Personal information
- Full name: Luis Bru Masipó
- Birth name: Lluís Bru i Masipó
- Date of birth: 13 August 1892
- Place of birth: Barcelona, Catalonia, Spain
- Date of death: 23 May 1972 (aged 79)
- Place of death: Barcelona, Catalonia, Spain
- Position: Goalkeeper

Senior career*
- Years: Team / Apps / (Gls)
- 1910–1913: International FC
- 1913: RCD Espanyol
- 1913–1919: FC Barcelona / 219

International career
- 1913–1916: Catalonia / +4 / (0)

Medal record
Catalonia
Prince of Asturias Cup
| Silver medal – second place | 1915 Prince of Asturias Cup | Team |

= Luis Bru (footballer) =

Spanish footballer

Luis Bru Masipó (13 August 1892 – 23 May 1972), born Lluís, was a Spanish footballer who played as a goalkeeper for FC Barcelona. He was the first goalkeeper in Spain to play "the English style", which consisted of blocking the ball instead of kicking the ball away. He is best known for his heroics in the semifinals of the 1916 Copa del Rey between Barcelona and Madrid FC, in which he saved three penalties in two matches.

==Club career==
Born in Catalonia, he began his career in 1909 in a non-federated team. In 1910, he joined International FC, initially playing as a left midfielder until 1912, when in a match where the goalkeeper was missing, he occupied this position on the pitch, and his performance was so impressive that from then on he always played as a goalkeeper. In 1913 he signed for RCD Espanyol, but his spell at the club was cut short as Barcelona signed him at the end of the year, making his debut on 7 December 1913. In first season at the club, he ousted the great Luís Reñé. He played for Barça for nearly a decade (1913–22), playing a total of 219 matches, serving as the team captain, and helping the club win 2 Catalan championships in 1915–16 and 1918–19, and to reach the 1919 Copa del Rey Final, in which he conceded 5 goals in a 2–5 loss to Arenas Club.

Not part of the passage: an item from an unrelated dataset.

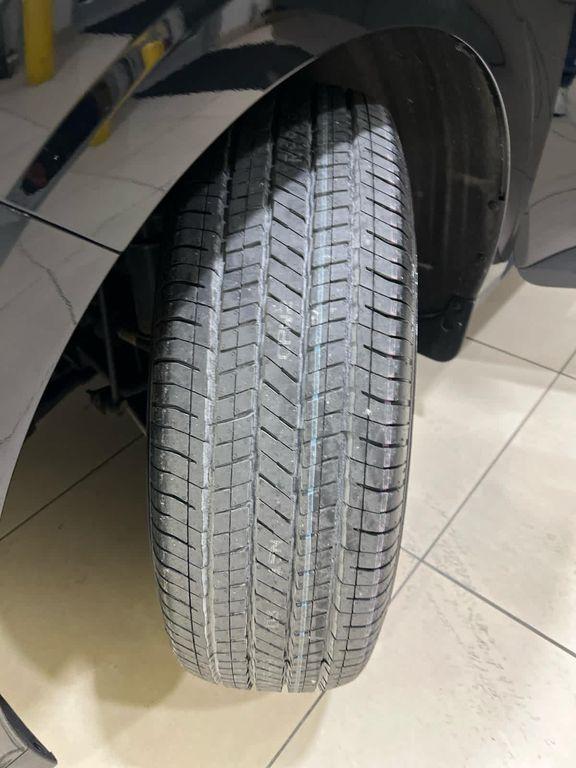 used 2024 Kia Carnival car, priced at $32,203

One of his most remembered performances was during the semifinals of the 1916 Copa del Rey between Barcelona and Madrid FC, which ended in a remarkable six-goal tie, but Barça was punished with three penalties, of which Bru saved two, one of which with his head. These penalties were all given by referee José Berraondo, a former Madrid player, and the first two were taken by Sotero Aranguren and Santiago Bernabéu, a future Madrid president, who converted the third in the 118th minute. Some sources state that Bru himself scored an own goal in the first half. In the subsequent replay, Berraondo once again gave a last-minute penalty with the scores tied at 2, but Bru, living up to his fame, saved again to force extra-time, in which Sotero scored twice, although the Barcelona players protested that the Madrid attackers had grabbed Bru in the second goal, but Berraondo ignored and Barcelona withdrew in protest.

In 1919, with the arrival of Ricardo Zamora at the club, Bru lost his place in the starting line-up, and so, on 19 October 1919, he was the subject of a tribute match along with Eduardo Reguera, which took place at the Camp de la Indústria between Barça and FC Espanya, ending in a 2–2 draw.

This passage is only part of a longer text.